Grundsätzlich gilt beim Baumschnitt: Lieber jährlich kleinere Schnittmaßnahmen durchführen als mit einem starken Schnitt die versäumten Pflegemaßnahmen der vergangenen Jahre aufholen zu wollen. Denn je größer die Schnittfläche ist, desto länger benötigt der Baum, sie vom Rand her zu überwallen.
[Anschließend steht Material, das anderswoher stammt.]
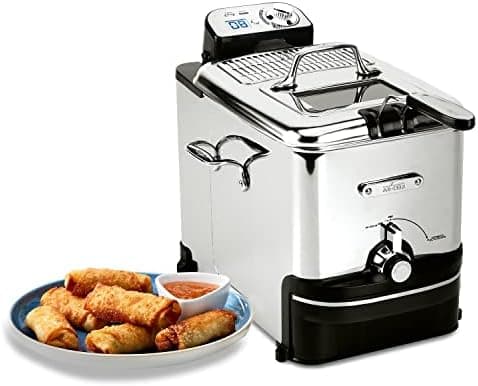 All-Clad Electric Deep Fryer with Basket and Lid, Stainless Steel Deep Fryer for Home Use, 1700W…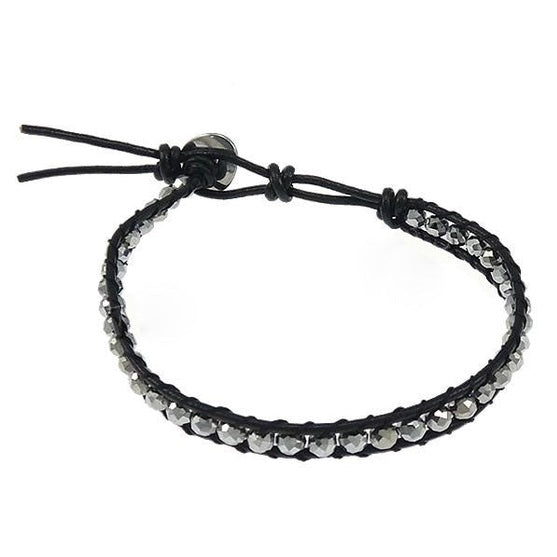 Kristallen armband met silver kristal en zwart leer | Wrap Silver Crystal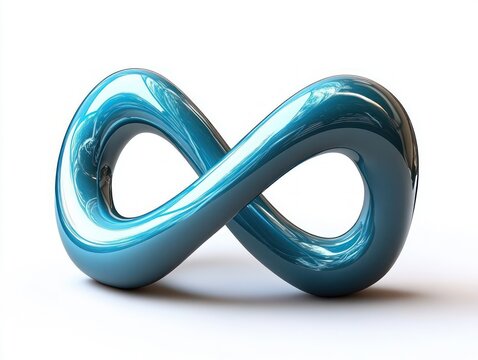 glossy blue metallic infinity loop mobius sculpture on white background conveying sleek futuristic elegance and calm motion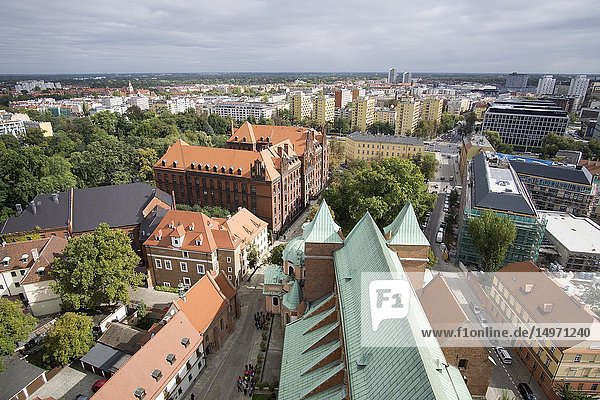 Wroclaw aerial view from the top of the cathedral Poland.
Und je länger dieser Prozess dauert, desto länger haben Schaderreger wie Pilze Zeit, sich anzusiedeln und Fäulnis hervorzurufen.
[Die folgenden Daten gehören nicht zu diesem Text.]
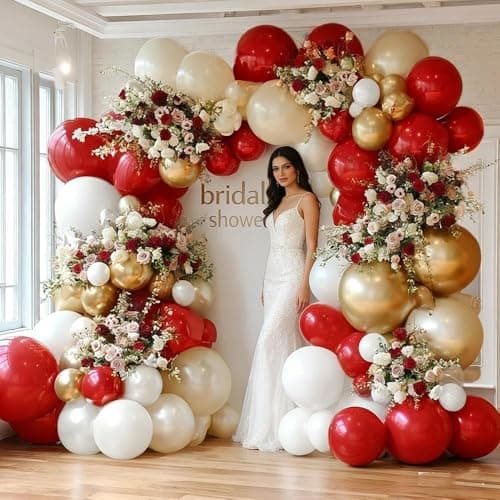 Red White Gold Balloon Garland Double Stuffed Burgundy Red White Sand Pearl Balloon Arch Kit Maroon Wine Balloons for Mother's Day Birthday Bridal Shower Wedding Graduation Party Decorations - Thumbnail 6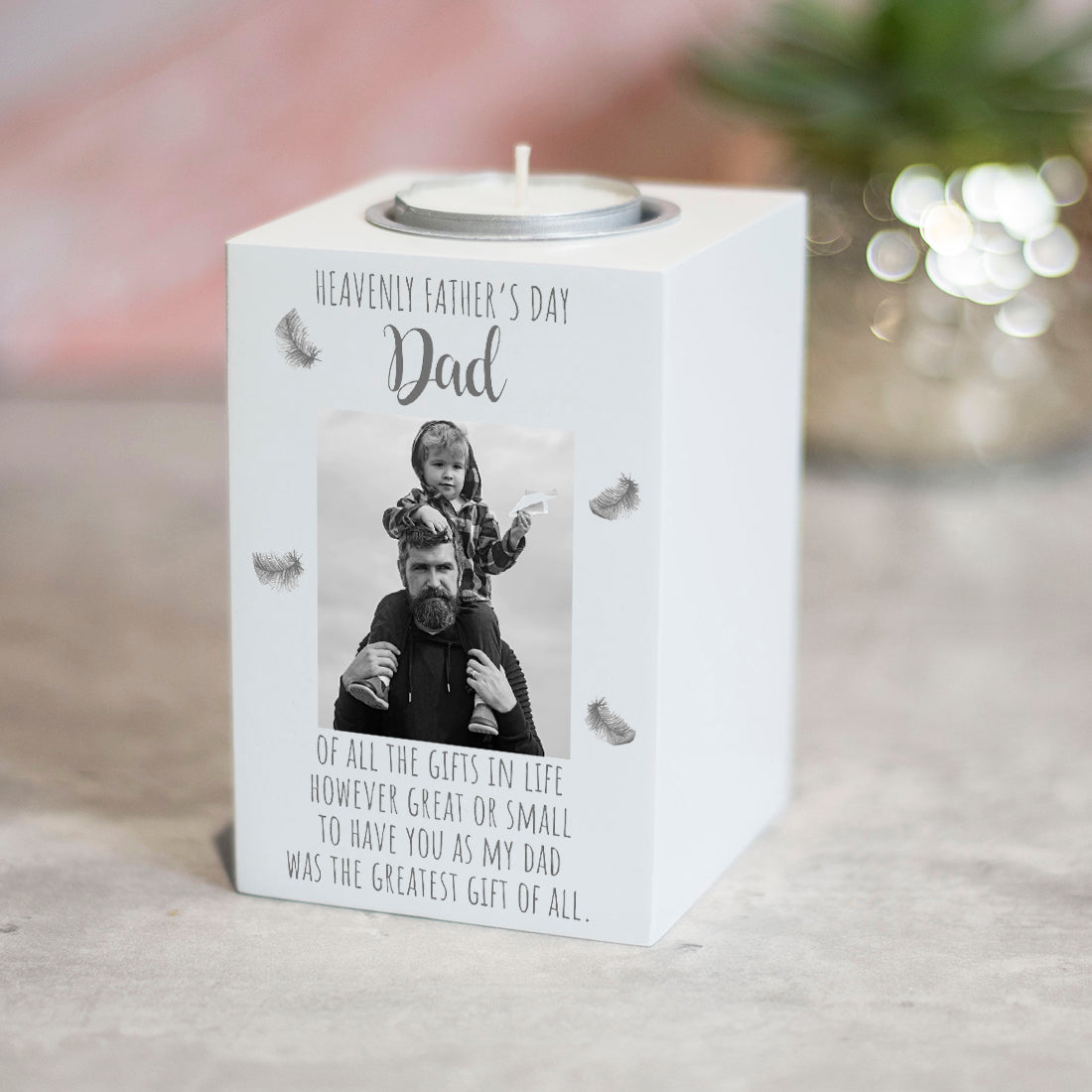 Heavenly Father's Day Memorial Photo Candle Tealight Holder-Love Lumi Ltd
Wundverschlussmittel sind kontraproduktiv

Bis in die 1980er-Jahre (und teilweise auch heute noch) war es üblich, die beim Schnitt entstehenden Wunden mit Wundverschlussmitteln zu bestreichen – in der Annahme, den Baum dadurch vor dem Eintritt von Schaderregern zu bewahren, ähnlich einem Pflaster, das man auf Wunden klebt. Mittlerweile weiß man es besser: Durch den vermeintlichen „Verschluss“ der Wunden wird Fäulnis eher gefördert, da die Fläche nicht abtrocknen kann bzw. mit der Zeit Risse entstehen, über die Schaderreger eindringen und hinter der vermeintlichen „Schutzschicht“ Schaden anrichten. Zudem stört das „Verschmieren“ der Wundflächen den natürlichen Abschottungsprozess der Gehölze, indem die empfindlichen Kambiumzellen, die für den Wundverschluss zuständig sind, mechanisch zerstört werden.

So reagiert ein Baum auf Verletzungen

Zunächst schottet der Baum die verletzten Stellen ab, noch bevor die eigentliche Überwallung mit Rindengewebe vom Rand her einsetzt: Die betroffene Stelle stirbt oberflächlich ab (verfärbt sich dabei braun) und schützt dadurch das dahinterliegende, gesunde Holz. Diesen Abschottungsprozess nennt man Kompartimentierung.
Bei Nadelbäumen kommt zudem Harz ins Spiel, das an der betreffenden Stelle austritt und das Holz dank seiner antiseptischen Wirkung vor Pilzeintritten schützt.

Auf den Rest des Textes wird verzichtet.